Conclusion and Results
Due to high suspicion of HIV infection, the diagnosis was verified by
serological testing with absolute CD4 count less than 50 cells/mm3.
After starting antiretroviral therapy(ART) including dolutegravir,
tenofovir and emtricitabin, his level of consciousness gradually
decreased and his headache got worse. A computed tomography (CT) scan of
the brain showed no abnormality. The patient underwent a lumbar puncture
and cerebrospinal fluid (CSF) analysis revealed:10 cells, predominantly
lymphocytes, Protein: 343 mg/dl, and Glucose: 98 mg/dl (corresponding
blood glucose 284 mg/dl). The direct microscopic examination of CSF with
India ink staining showed budding and non-budding yeast compatible with
crypococcus spp. As shown in Figure 2. Liposomal amphotericin B in
combination with fluconazole (due to the unavailability of flucytosin)

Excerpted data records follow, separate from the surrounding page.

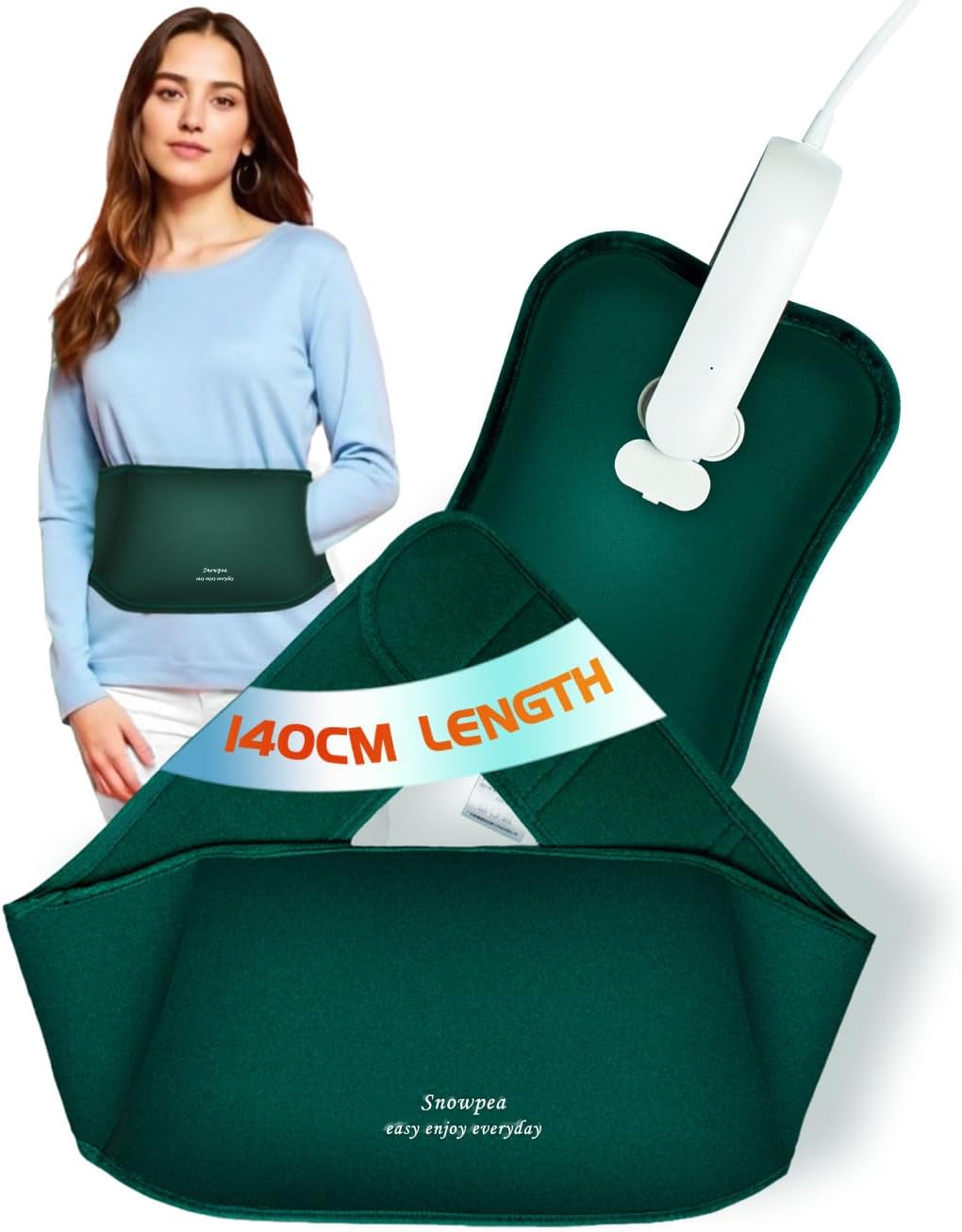 Green Electric Hot Water Bottles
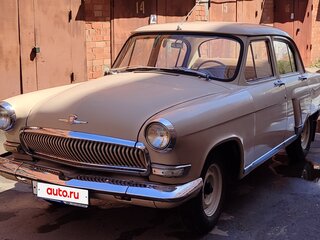 1969 ГАЗ 21 «Волга» 21Р, бежевый, 1000000 рублей, вид 1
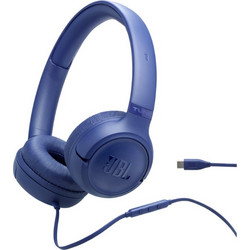 JBL Tune 530C Ενσύρματα Ακουστικά On Ear Μπλε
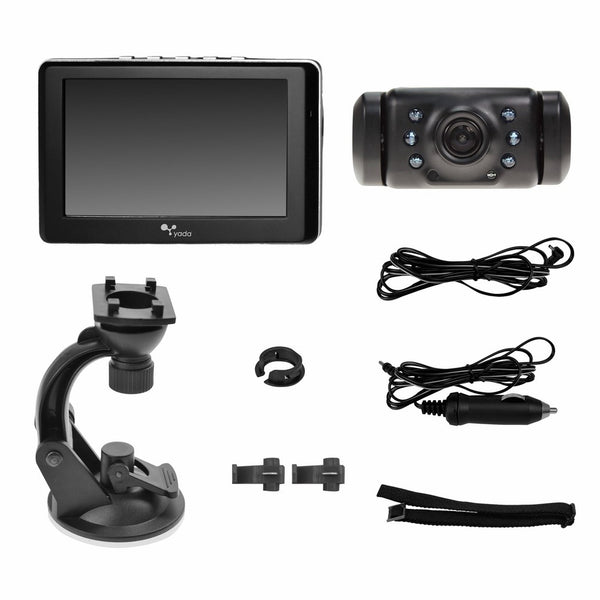 Yada Digital Wireless Backup Camera with 4.3" Dash Monitor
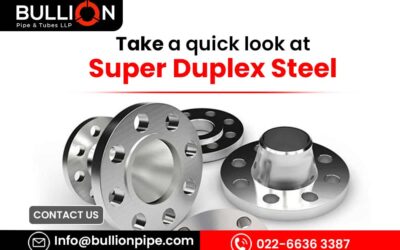 Take a quick look at Super Duplex Steel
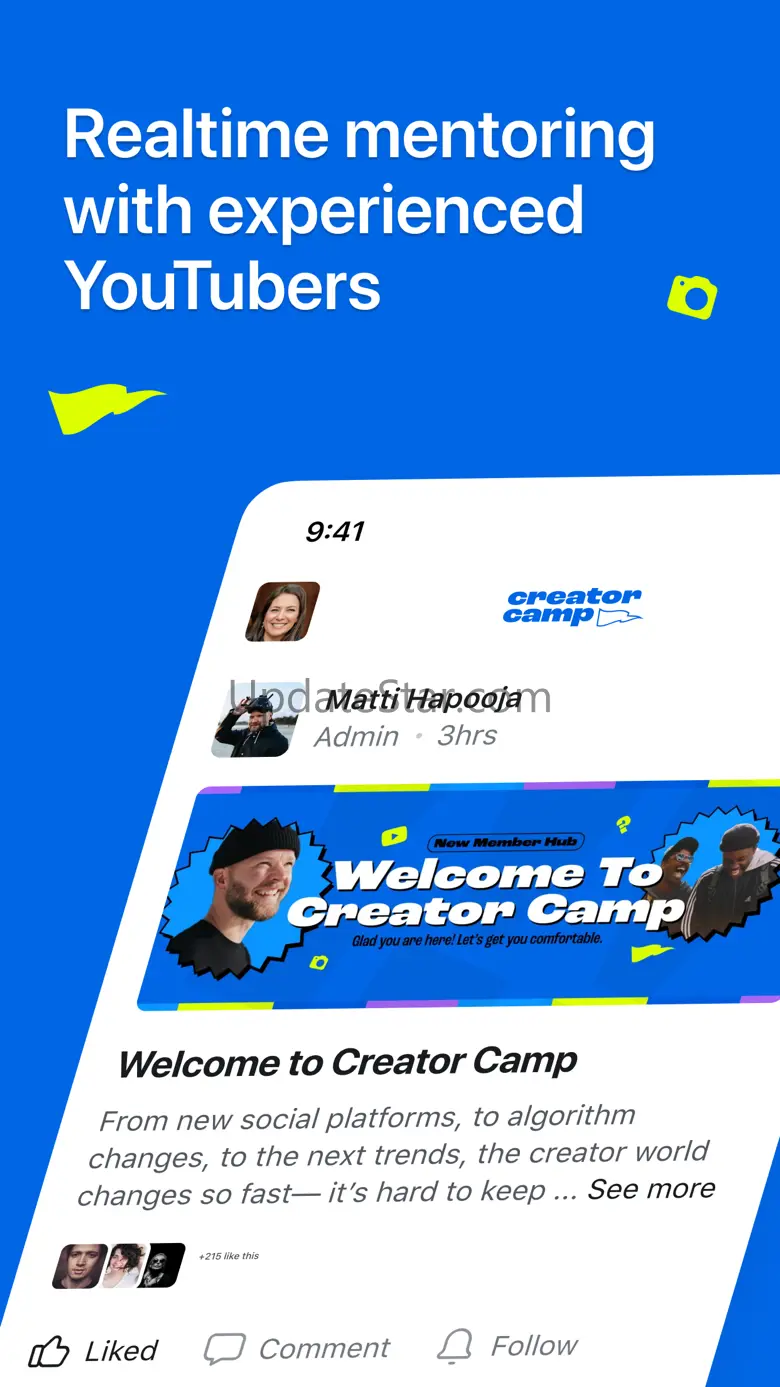 Creator Camp 2.0.0
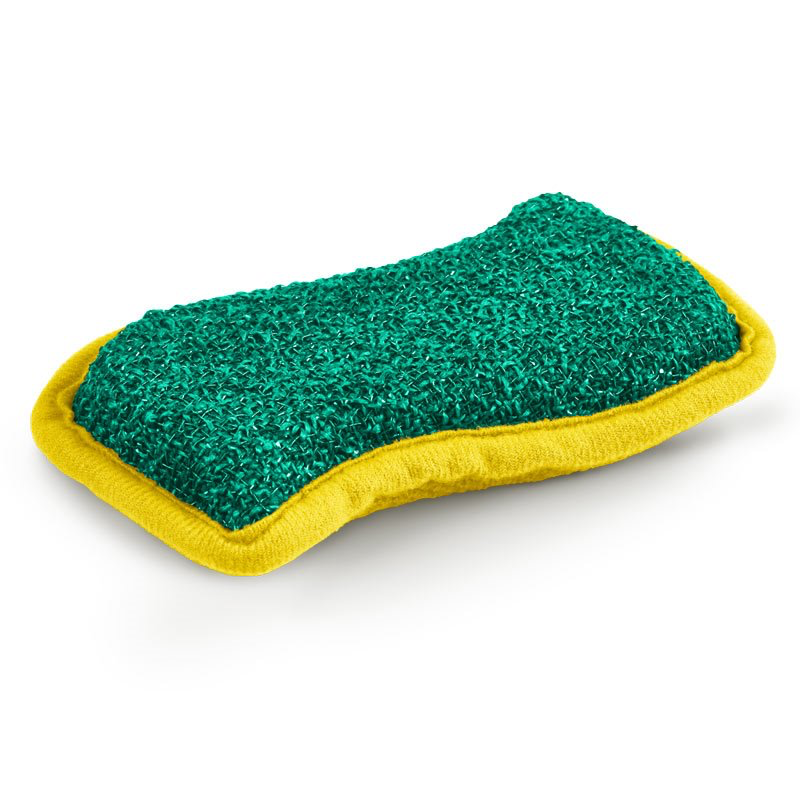Spontex Flex & Wash Microfibre Sponge Scourers (Pack of 2) - Bake-O-Glide®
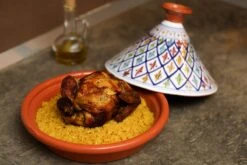 CRAFLAIR ~ Tajine ~ Ø 30 Cm ~ Geschikt Voor Inductie - Adapter ~ Handgemaakt ~ Geglazuurd Keramiek 11 CRAFLAIR ~ Tajine ~ Ø 30 Cm ~ Geschikt Voor Inductie - Adapter ~ Handgemaakt ~ Geglazuurd Keramiek -Pannen Verkoop 1200x800 125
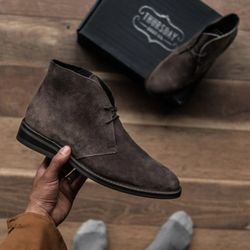 Thursday Boots Chukka Suede Ash
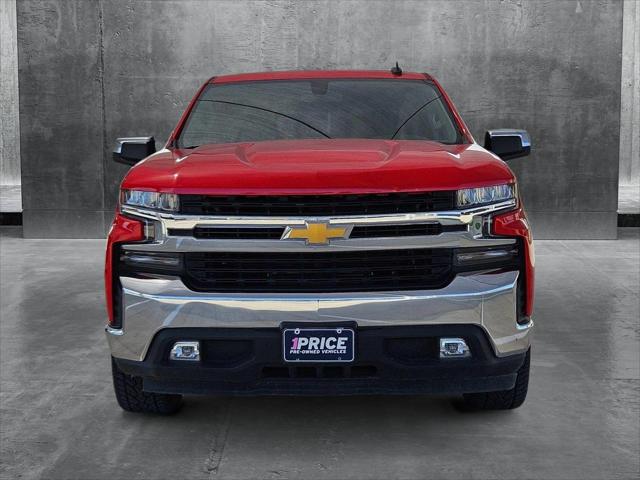 2020 Chevrolet Silverado 1500 2WD Crew Cab Short Bed LT
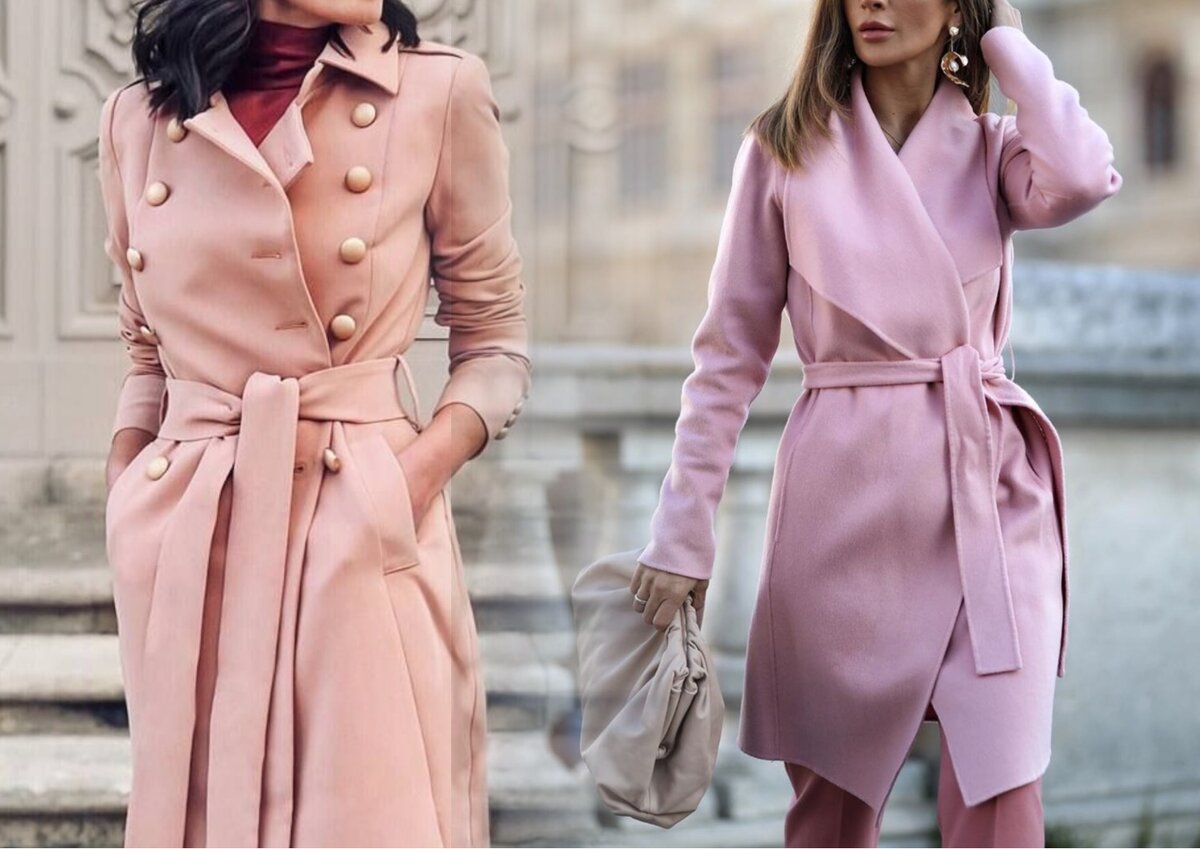 Какие пальто сейчас в моде весна женские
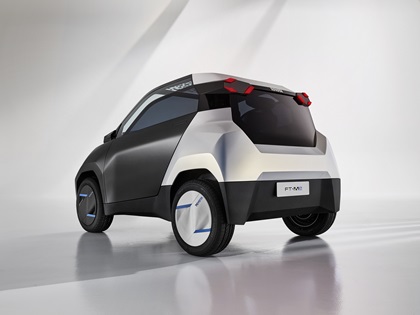 Toyota FT-Me Concept, 2025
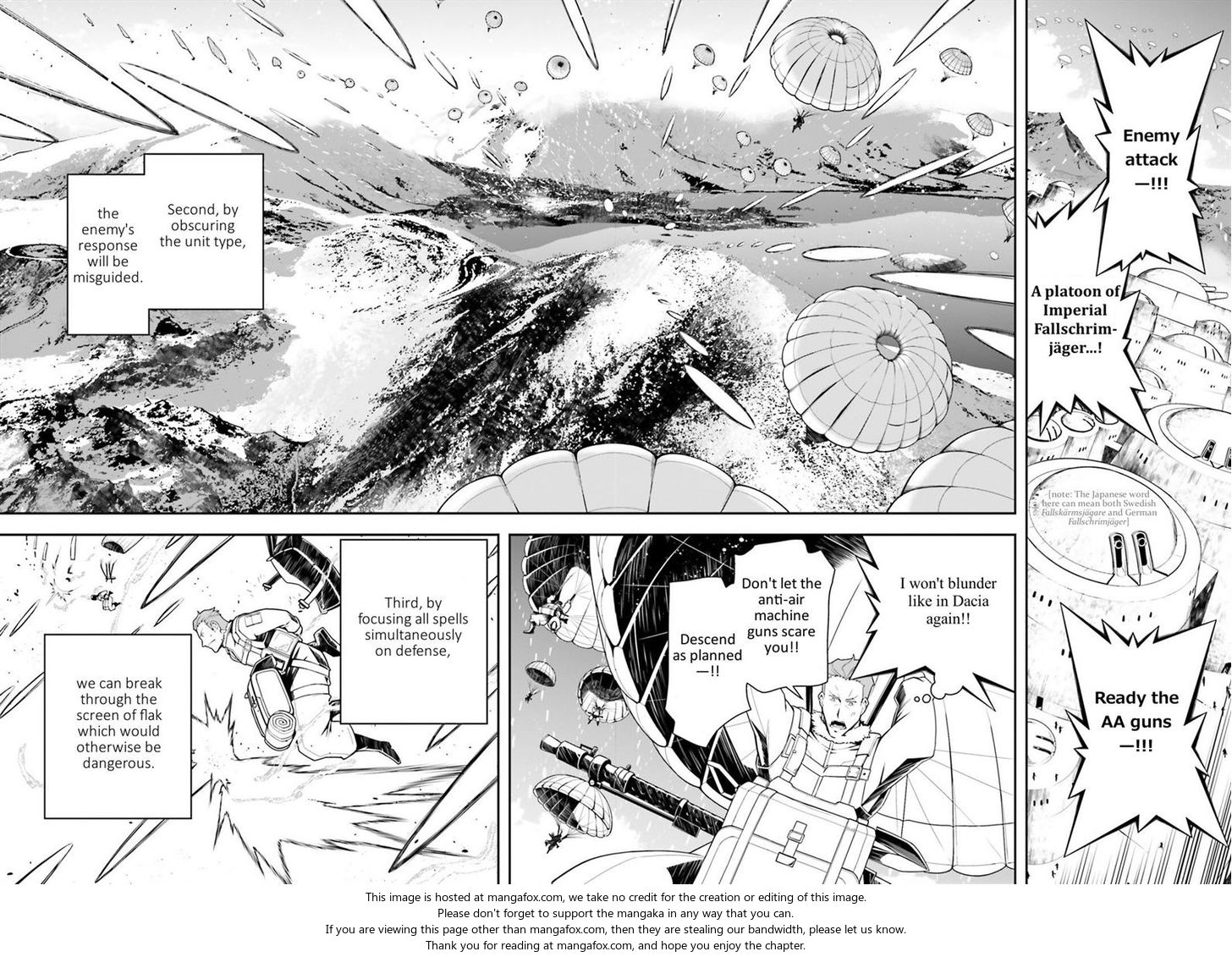 Read Youjo Senki Manga Online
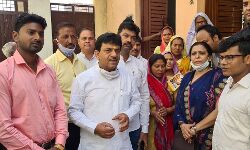 चार साल बेमिसाल- मंत्री कपिल देव ने गिनाई उपलब्धियां चार साल बेमिसाल- मंत्री कपिल देव ने गिनाई उपलब्धियां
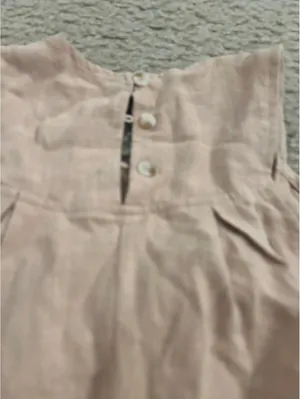 ab28 FLOVY FUN top shirt woman sleeveless size small thumbnail 3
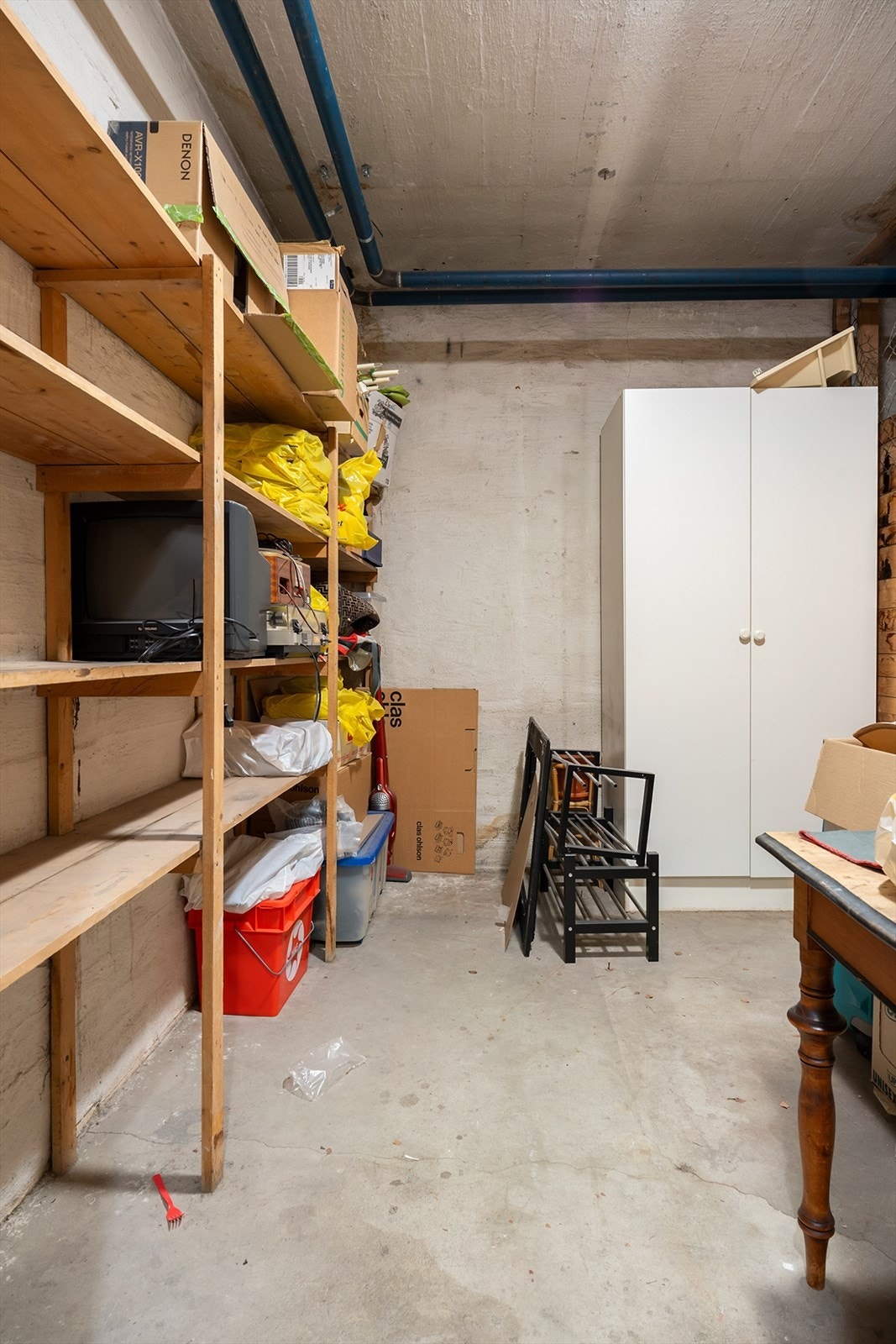 Det medfølger også en bod til leiligheten på ca. 7 m2, så her er det godt med oppbevaringsplass. Galleribilde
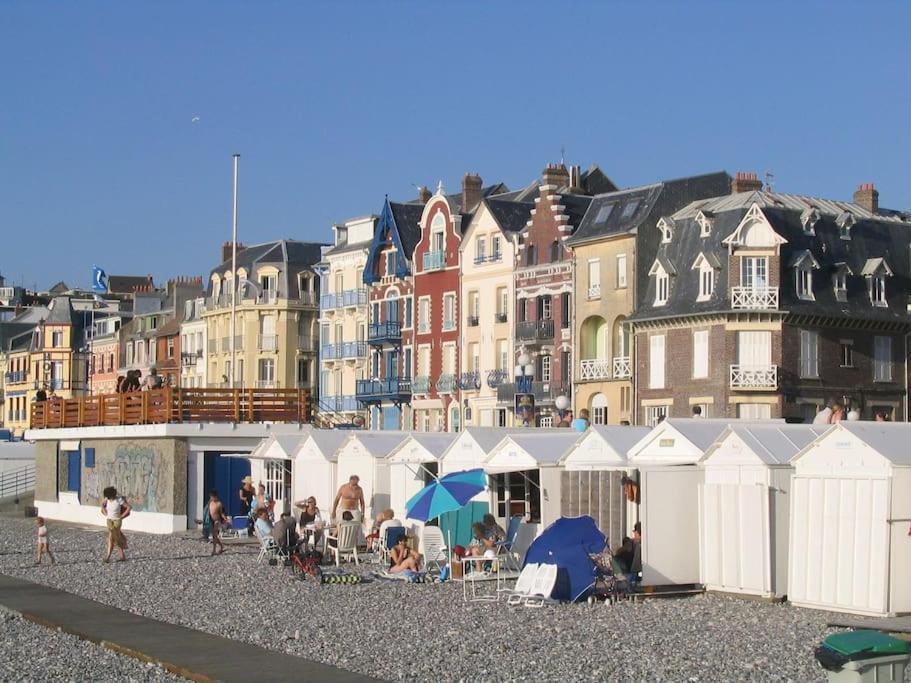Appartement Le Michel-Ange Mers-les-Bains Eksteriør bilde
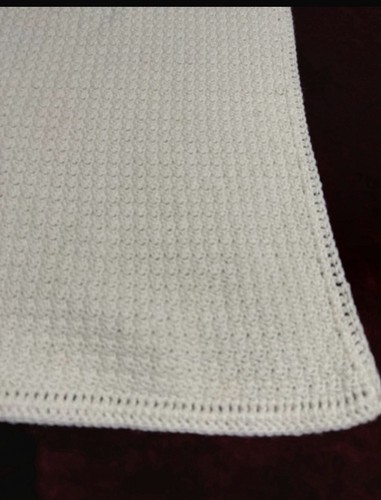 Baby blanket Hand Crochet - Afbeelding 3 van 4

was started with serial lumbar puncture for management of elevated
intracranial pressure. After one week, He was intubated due to worsening
hypoxia. Then a bronchoscopy was performed and his bronchoalveolar
lavage was also positive for Cryptococcus spp. Respiratory distress
worsened rapidly and he died 2 weeks after starting antifungal therapy.
In conclusion, as early diagnosis of cryptococcal infection is the key
to improving outcomes, any newly diagnosed HIV patient presenting with
subacute or chronic headache, particularly those who are CD4-deplete,
should be investigated for cryptococcal meningitis.